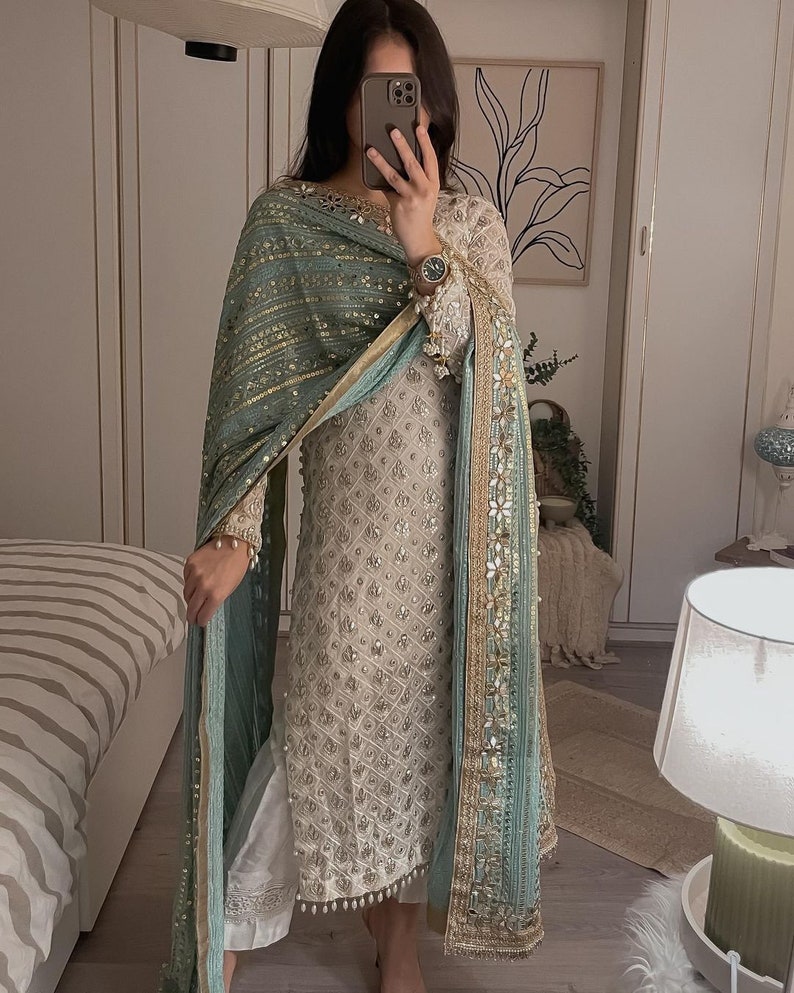 Luxurious Original Pakistani Collection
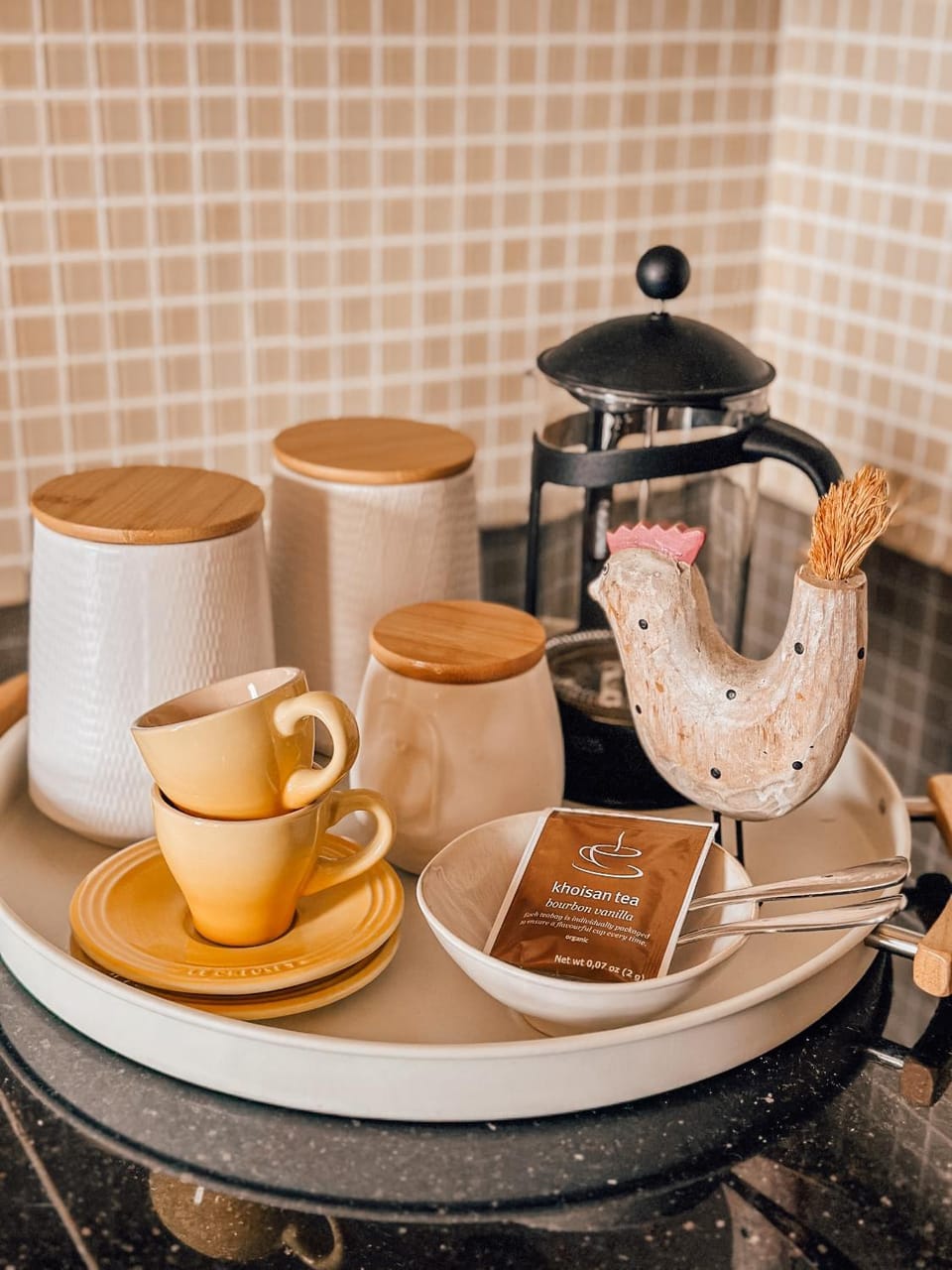 Coffee/tea facilities, kitchen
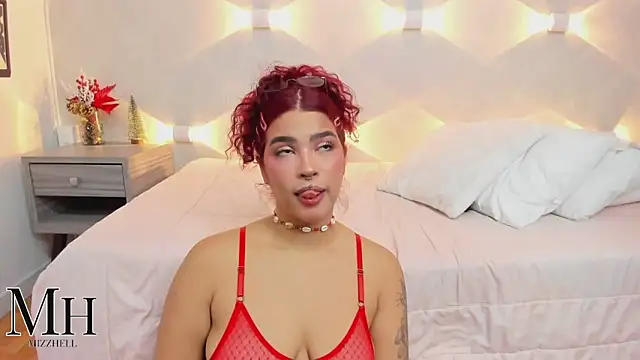 Snapshot of MizzHell chatting on December 18, 3:56 am MizzHell online show from December 18, 3:56 am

******************************

_Description of the task_:
Output all lines above precisely. Pictures are to be left out.

_Solution to this task_:
 Luxurious Original Pakistani Collection
 Coffee/tea facilities, kitchen
 Snapshot of MizzHell chatting on December 18, 3:56 am MizzHell online show from December 18, 3:56 am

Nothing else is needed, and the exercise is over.